How to be interesting

Let me break this down for you into 3 key steps, beginning with the deeper principles, and working our way to more practical tactics:

  1. Be interesting (the deep truth)
  2. Do interesting (how you show up in the world)
  3. Speak interesting (the practical tactics)

Let’s go.

1. Be interesting

The first step to being interesting is to “be interesting”.

I know, I know. It sounds ridiculous.

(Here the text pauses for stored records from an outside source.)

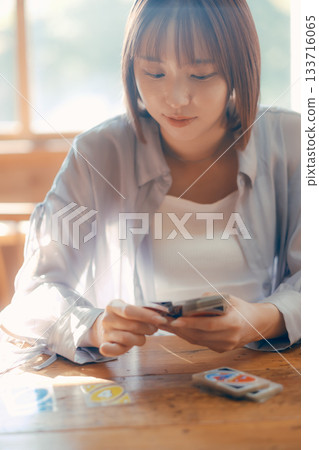 A woman in her twenties enjoying a card game in a sunny cafe 133716065
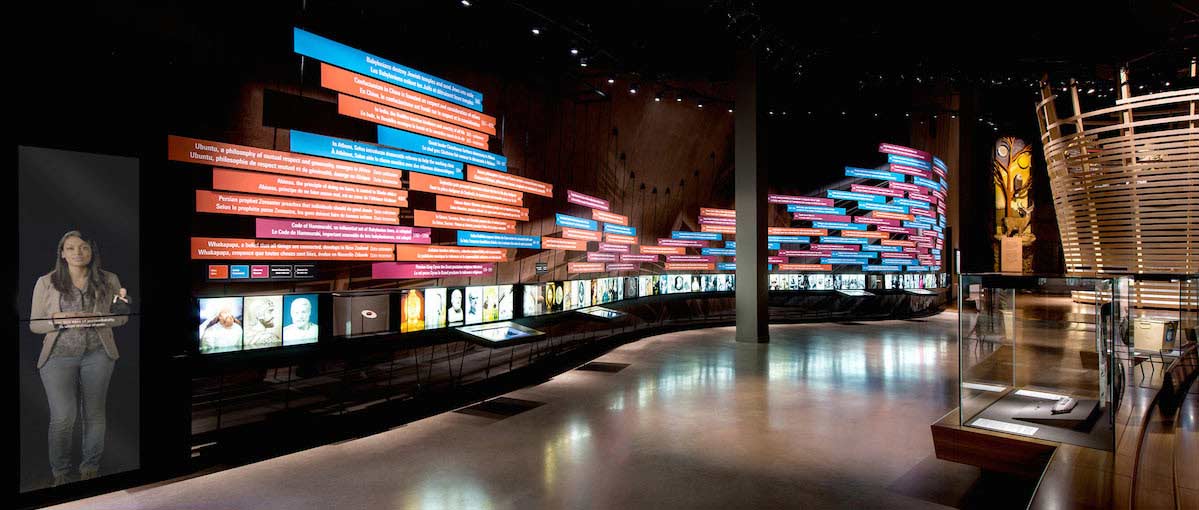 Panels with text are displayed in a large gallery. On the left, a woman is on a screen. A box made of glass is on the right.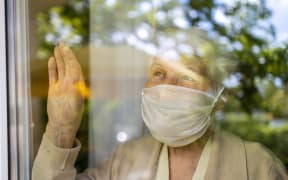 Elderly person in lockdown, isolation, isolate, Covid-19, mask, mental health.
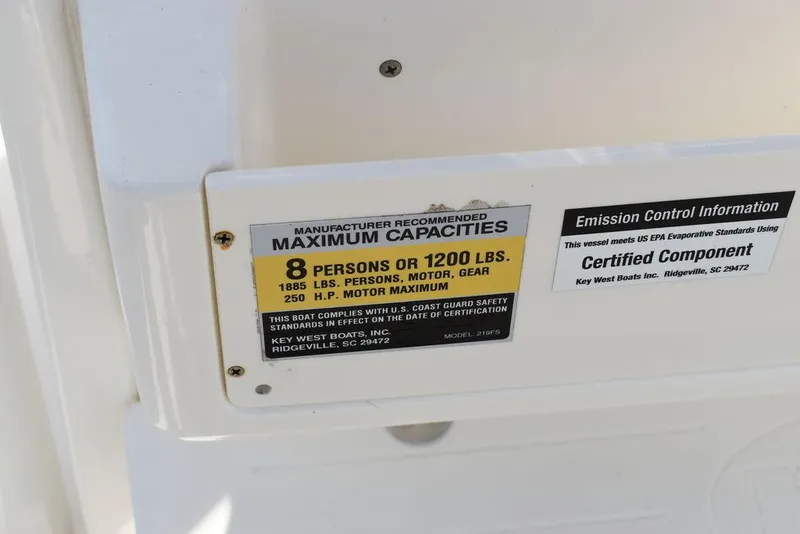 Slide: The Image of Key West 219fs 2022 boat capacity label: 8 persons or 1200 lbs, 250 HP motor. - 44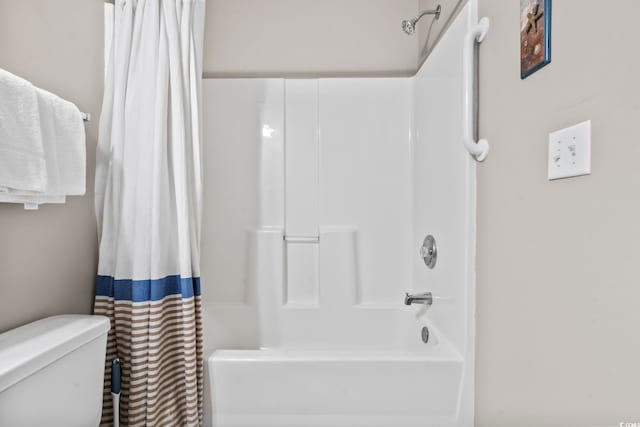 bathroom featuring toilet and shower / tub combo with curtain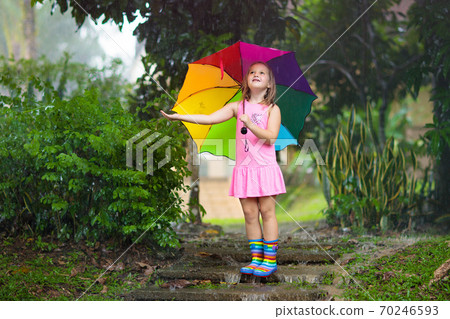 Kid with umbrella playing in summer rain. Kid with umbrella playing in summer rain. 70246593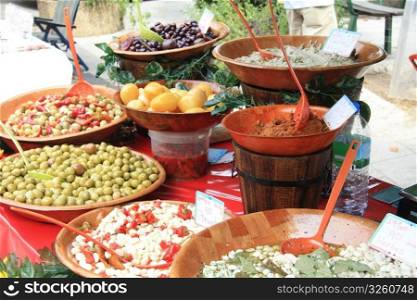 A variety of French delicacies like olives, tapenade and marinated garlic on a local market in Bedoin, France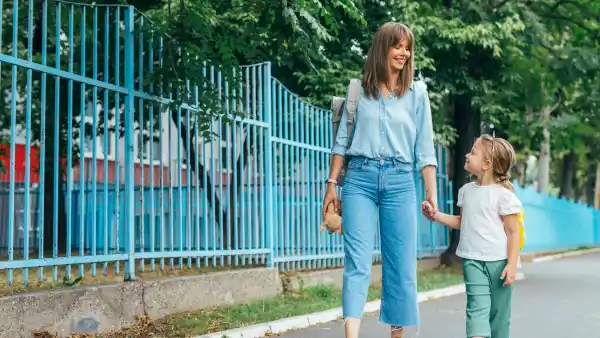 Happy Mother and daughter walking together, holding hands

But hear me out.

Before we even get into what to do or say on camera, we have to talk about this.

Because when people ask me “how do I be more interesting?”…

My first response is always, “You already are.”

The main reason people are boring and generic on camera is because what they’re saying and how they’re acting are copied from somebody else.

They saw another creator who was really interesting and they try to “act” like them.

They heard something somebody else said and liked it so they repeat it to their audience.

Just because somebody else acts in a way that is interesting for them, doesn’t mean it works for you.

And when you just parrot somebody else’s ideas, it never lands as well.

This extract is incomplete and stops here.